This film tells the funny daily life of the Yamada family, or shows the funny daily life of their family. You said the director did it on purpose, but it's not. It's natural and not overpowering like many comedies. The difference between Takada and Miyazaki is that Miyazaki is epic grand, while Takada's observation of real life is more nuanced.
The Japanese and the British are very similar, and the humor that pops out of the seriousness is the funniest. It's not funny, because funny is intentional, and humor is spontaneous.

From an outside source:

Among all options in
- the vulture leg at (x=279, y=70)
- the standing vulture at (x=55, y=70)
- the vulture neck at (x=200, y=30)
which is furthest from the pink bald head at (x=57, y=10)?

I am very concerned about its style of painting. Looking at those paintings, they are simply things that elementary school students can draw casually. In Takada Hsun's next work "The Story of Kaguya Princess", he used ink painting again. Someone once said that the biggest difference between Eastern and Western cultures is that Westerners always want to make fake things real, while Easterners always want to make real things fake. You see "Star Wars", in order to try to create an alien environment, director George Lucas specially asked linguists to design a language that does not exist at all, although no one but those linguists could understand it, In some places, he wouldn't even type the subtitles. He just kept talking there, making it sound reasonable to you. Another example is the "Lord of the Rings", an ordinary store in the street scene, its door is covered with dead mice. Why, because this is a shop that sells rat poison. Director Peter Jackson thought that he created a medieval period similar to the Middle Ages in Europe. At that time, medicine was underdeveloped, and plagues and plagues were prevalent. At this time, there would inevitably be a seller of rat poison, and a seller of rat poison would inevitably be in him. Many dead mice hang in front of the store to show the efficacy of their home medicine. And how long does this store appear in the movie in total, a horse gallops past the store door, and the shot takes less than a second. Another example is the master Gregory Scott, who is best at creating scenes, which I will discuss later.
Similar examples abound. Those great directors who are like masters usually have a God complex, and he realizes that he is creating a thing, creating a world, just like God created the universe. Therefore, he must strive for truth and perfection. Because the real world just isn't perfect, they want to reinject a certain spirit into the perfect entity they've created. As for the Eastern culture, it is asking for a fake. You look at those landscape paintings, painting a mountain, painting a person, just a few strokes. You watch those dramas, you babble and babble. It's the exact opposite, it's an effort to take the mind out of the substance and make people more focused on it.
Comparing the differences between two cultures is not about their pros and cons. Is it true, of course not. There have been many people who criticized the concept of "acting what you want to be like". They think that if you act too real and too similar, it will easily make the audience trapped in it, and it is easy to mislead the audience with this kind of performance. Make people think that's right, or that's wrong. The concept they advocate is "acting something is not like something", such as oriental opera, such as Mei Lanfang. Because this way the audience will always stand a little bit higher than that performance and won't get stuck in it. Because we are already trapped in reality, when we are detached from reality, we will see more clearly.
What they embody, in the final analysis, are two completely different perspectives: the former is looking up, and the latter is looking down. But their purpose is the same, both are to enlighten us and teach us to transcend reality.